» **Problem to work on**:
From the first line to the last, set down the material exactly, leaving out its pictures.

» **Material for the task**:

* * * * * * * * *

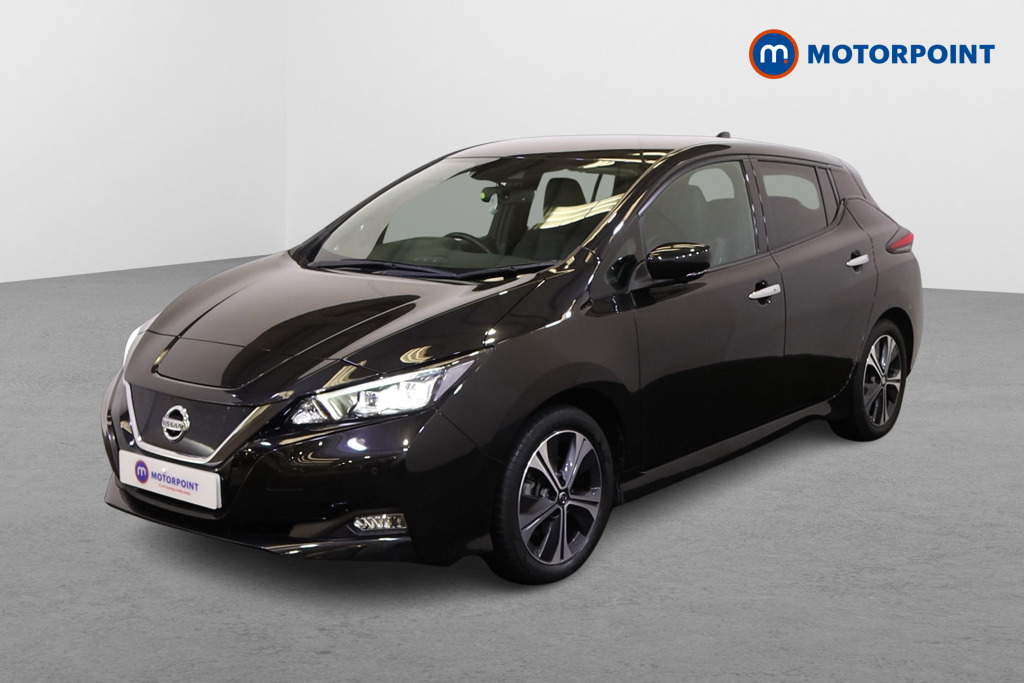 Nissan Leaf Tekna Automatic Electric Hatchback - Stock Number (1562146) - Passenger side front corner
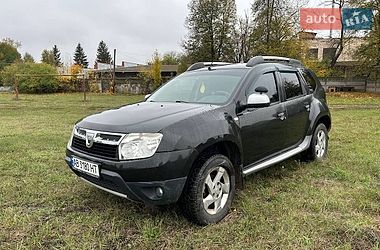 Внедорожник / Кроссовер Dacia Duster 2010 в Сутисках Внедорожник / Кроссовер Dacia Duster 2010 в Сутисках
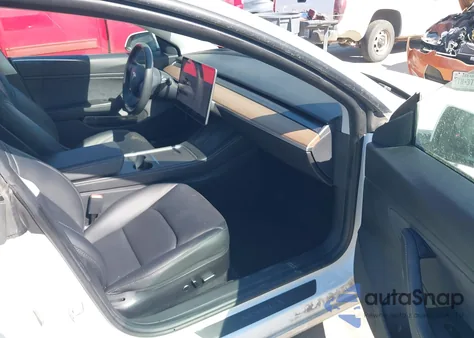 2021 Tesla Model 3 Long Range Dual Motor All-Wheel Drive z USA, uszkodzony, nr VIN 5YJ3E1EB2MF872377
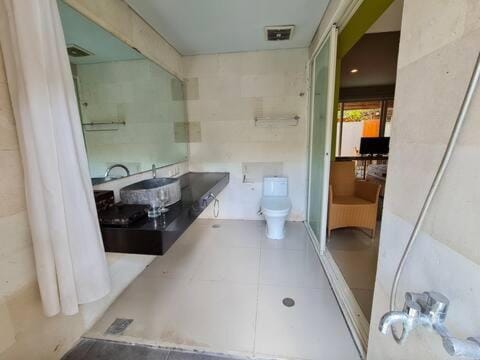 2 Bedroom Bloom Villa Villa in Kuta Selatan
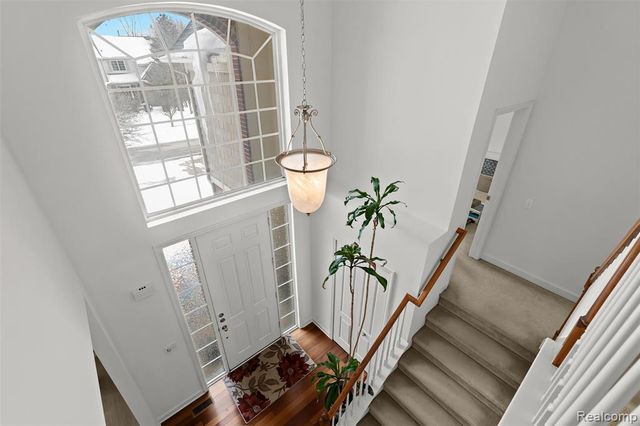 49681 S Glacier, Northville, MI 48168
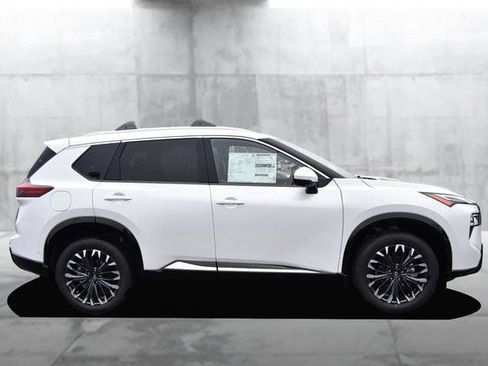 New 2026 Nissan Rogue Platinum w/ Platinum Premium Package image 5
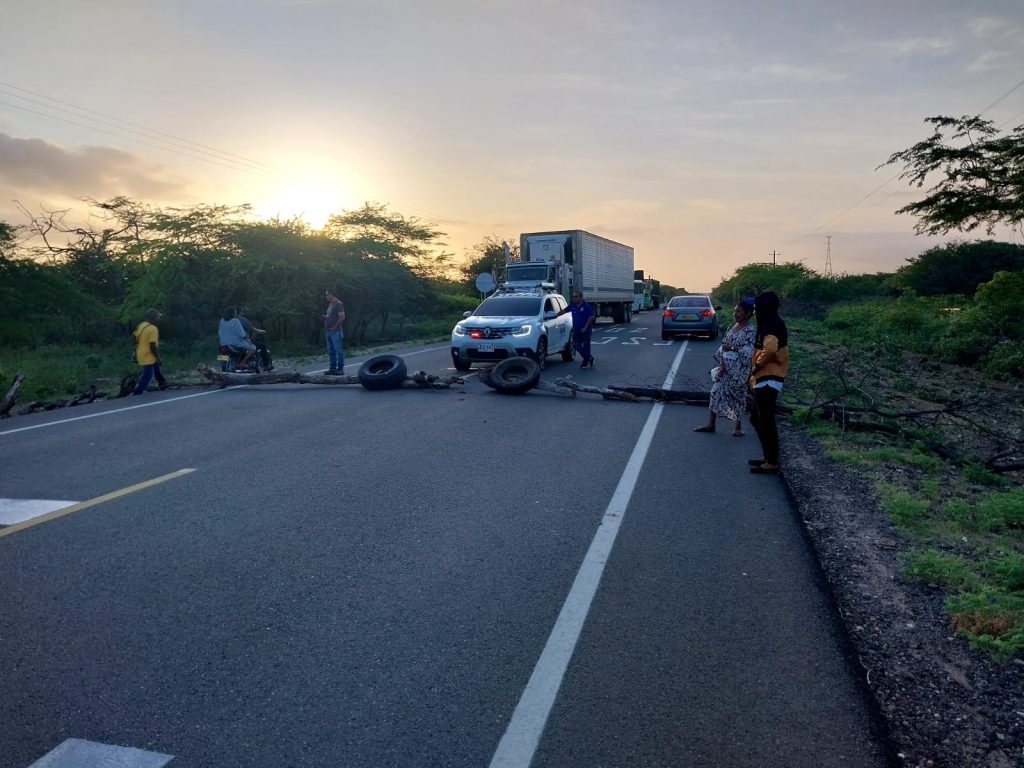 Comunidades en 'El Paraíso' bloquean la vía Riohacha-Maicao por falta del servicio de energía 1 454946941 473269972144933 5921130533615009898 n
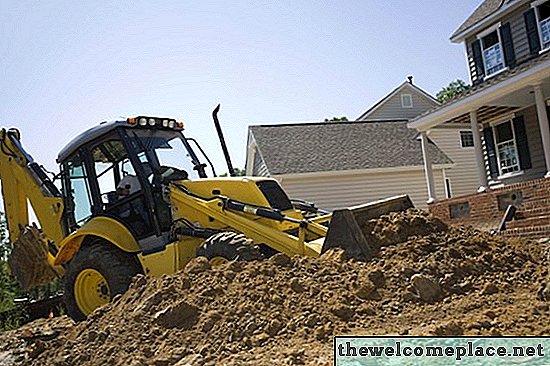 Como cavar, formar e construir uma base para uma adição de quarto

* * * * * * * * *

» **Written response**:
 Nissan Leaf Tekna Automatic Electric Hatchback - Stock Number (1562146) - Passenger side front corner
 Внедорожник / Кроссовер Dacia Duster 2010 в Сутисках Внедорожник / Кроссовер Dacia Duster 2010 в Сутисках
 2021 Tesla Model 3 Long Range Dual Motor All-Wheel Drive z USA, uszkodzony, nr VIN 5YJ3E1EB2MF872377
 2 Bedroom Bloom Villa Villa in Kuta Selatan
 49681 S Glacier, Northville, MI 48168
 New 2026 Nissan Rogue Platinum w/ Platinum Premium Package image 5
 Comunidades en 'El Paraíso' bloquean la vía Riohacha-Maicao por falta del servicio de energía 1 454946941 473269972144933 5921130533615009898 n
 Como cavar, formar e construir uma base para uma adição de quarto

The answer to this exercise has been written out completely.